Sinergi Pemerintah Provinsi Jawa Tengah Wujudkan Pembangunan Rendah Karbon

Semarang, 8 Desember 2022 – Pemerintah Provinsi (Pemprov) Jawa Tengah (Jateng) secara konsisten memperkuat komitmen, peran dan tanggung jawab bersama untuk melaksanakan transisi energi demi mewujudkan pembangunan berkelanjutan dan ramah lingkungan. Berkolaborasi dengan Institute for Essential Services Reform (IESR), Pemprov Jateng menyelenggarakan kegiatan “Central Java Stakeholders’ Gathering: Transisi Energi untuk Pembangunan Daerah Rendah Karbon” untuk memaparkan perkembangan dan praktik baik yang telah dilakukan di Jawa Tengah.

Taj Yasin Maimoen, Wakil Gubernur Jawa Tengah mengatakan dalam sambutannya bahwa transisi energi penting untuk menekan emisi CO2 yang menyebabkan bencana iklim.
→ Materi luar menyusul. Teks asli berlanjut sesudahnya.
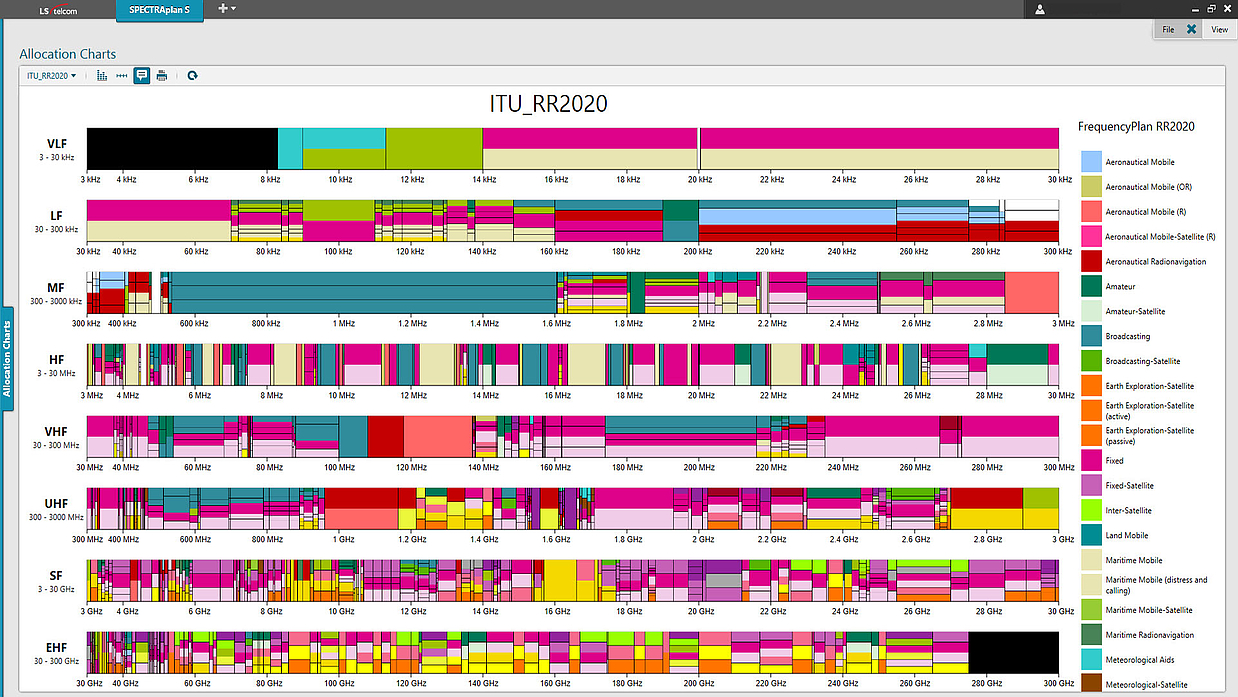 Frequency allocation chart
Untuk itu, menurutnya, perlu mendorong ekonomi hijau sebagai salah satu bagian utama dari transisi energi dengan mengembangkan industri di bidang energi baru terbarukan, pengelolaan sumber daya alam berkelanjutan, mengembangkan proses produksi ramah lingkungan. 

“Dalam pembangunan sektor energi, pemerintah Jawa Tengah telah menerbitkan Perda no. 12/2018 Tentang Rencana Umum Energi Daerah. Sebagai tindak lanjut dari peraturan tersebut, ditetapkan Peraturan Gubernur nomor 29 tahun 2021 yang memuat tentang petunjuk pelaksanaannya. Peraturan Gubernur tersebut menekankan pada peran serta masyarakat dalam implementasi energi baru terbarukan, contohnya peran serta masyarakat dalam pengembangan energi baru terbarukan di Jawa Tengah melalui program Desa Mandiri,” ungkap Taj Yasin. Ia menambahkan ketersediaan energi berskala masyarakat jika didukung akan mengungkit pertumbuhan ekonomi. 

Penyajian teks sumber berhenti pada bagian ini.